Vienna has been in an uproar following a push by President Alexander Van der Bellen to aid Ukraine in demining its territory, reinvigorating an elite debate on the country’s neutrality in military matters.

On Friday, Austria’s president, whose role is largely ceremonial, proposed that the country come to the aid of Ukraine in more concrete terms.

The conservatives, the Greens’ partner in government, reacted harshly to the president’s words.

It is currently impossible to “distinguish between humanitarian and military demining” in Ukraine, Defence Minister Klaudia Tanner (ÖVP, EPP) told Ö1.

“No Austrian soldier will enter Ukrainian soil for such an operational mission as long as it is a war zone,” Chancellor Karl Nehammer (ÖVP, EPP) said after Tanner’s statement.
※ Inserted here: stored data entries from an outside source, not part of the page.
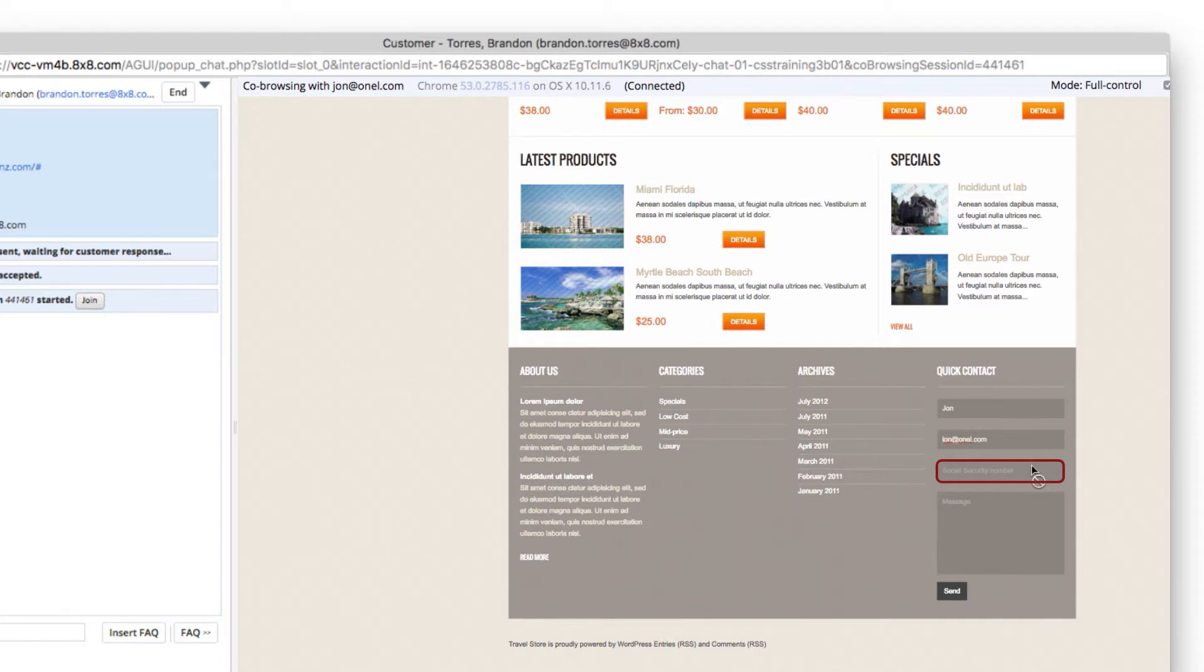No control is a view-only mode. Agents can see the customer's web browser, highlight, and offer guidance, but cannot navigate or edit forms.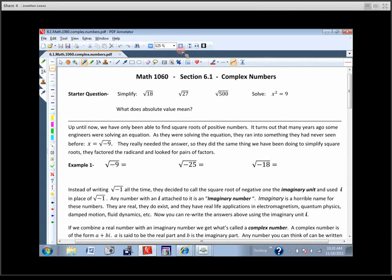Most of you were in Math 1010 about a year ago and you would have covered a section on complex numbers just like this. This section's on a Friday, it's a piece of cake. Hopefully we get done with the notes pretty quickly and you can get started on the assignment and maybe get it done before you go home today. It's pretty easy — it's all review.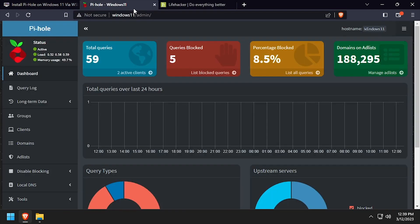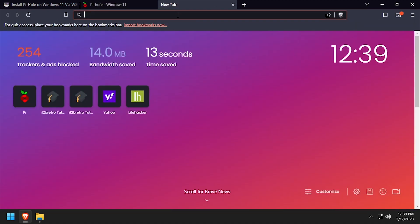We now have Pi-Hole, network-wide ad blocking, running on Windows via WSL.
Critics of the government’s hardline position on de-mining aid to Ukraine have noted that aiding in removing anti-personnel mines could be possible through intermediaries like NGOs and may not require the deployment of soldiers.
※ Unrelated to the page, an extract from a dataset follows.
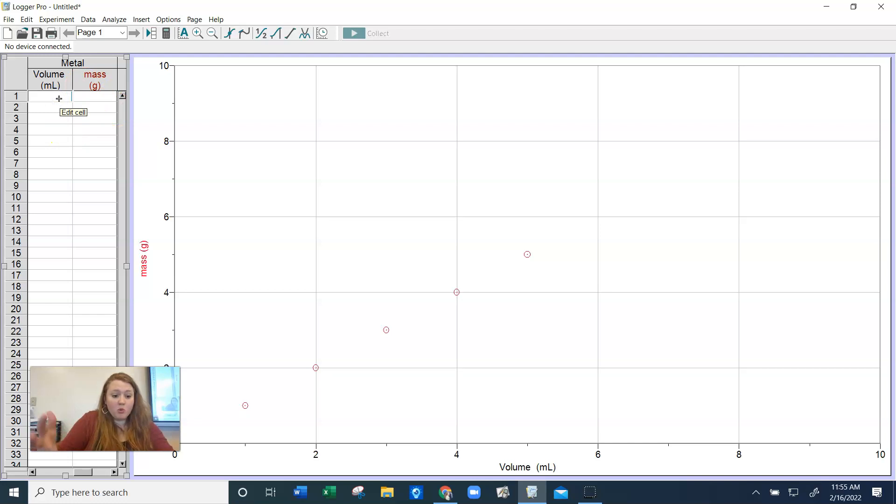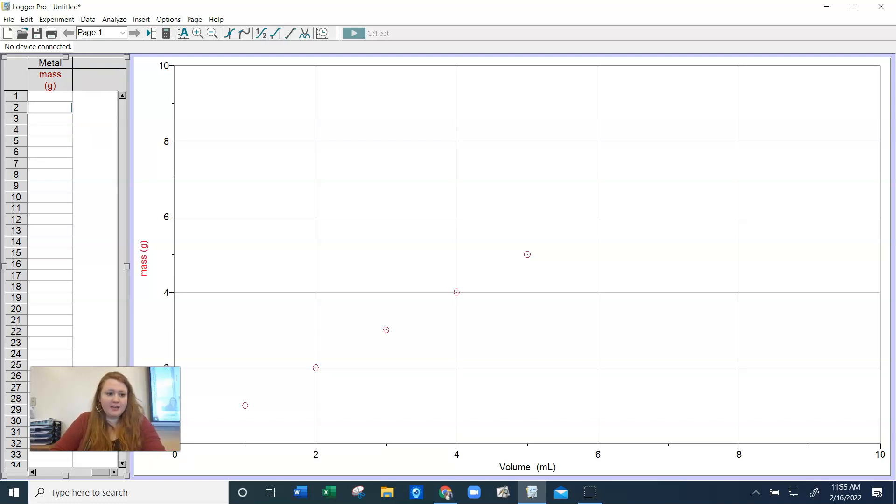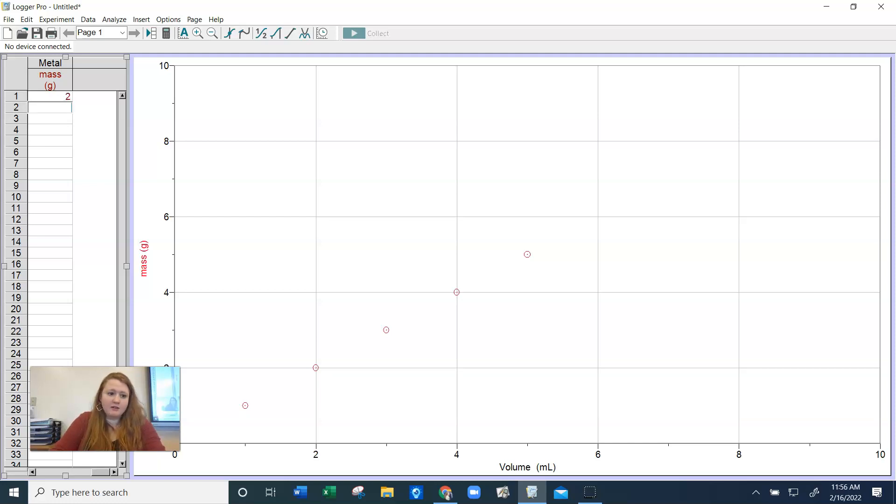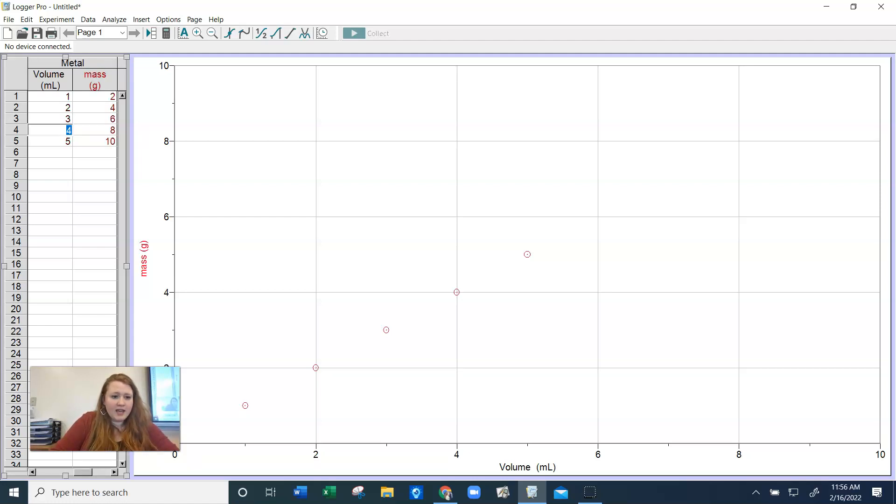So now I'm going to do more bogus data. Let's see. And you'll notice I'm just putting in the numbers. Now, if you click enter, it's going to take you to the right. So I'm using the arrow keys to put in my data. I'm going to tap in two, press the down arrow, and then four. Remember, your data is going to look a little different. So now we have all of our columns. We have the non-metal mass and volume, and we have the metal mass and volume.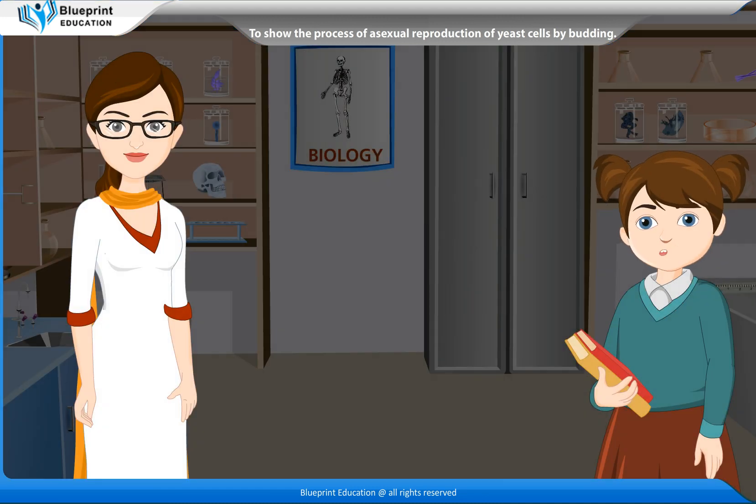Thank you, madam. This experiment has made the concept very easy to understand.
The global Anti-personnel Mine Treaty, also known as the Ottawa Convention, was chiefly engineered by a push from an Austrian diplomat. It entered into force in 1999.

Observers of the political debate see the discussion as linked to the ongoing low-intensity discussion on the future of Austria’s neutrality.

Early last year, Austria’s chancellor curtailed a debate on Austria’s neutrality by a de facto decree. Others, like his party colleague and European Parliament Vice-President Othmar Karas, have called for a debate on neutrality.

Tanner laid out the careful neutrality balancing act in an interview with EURACTIV last year.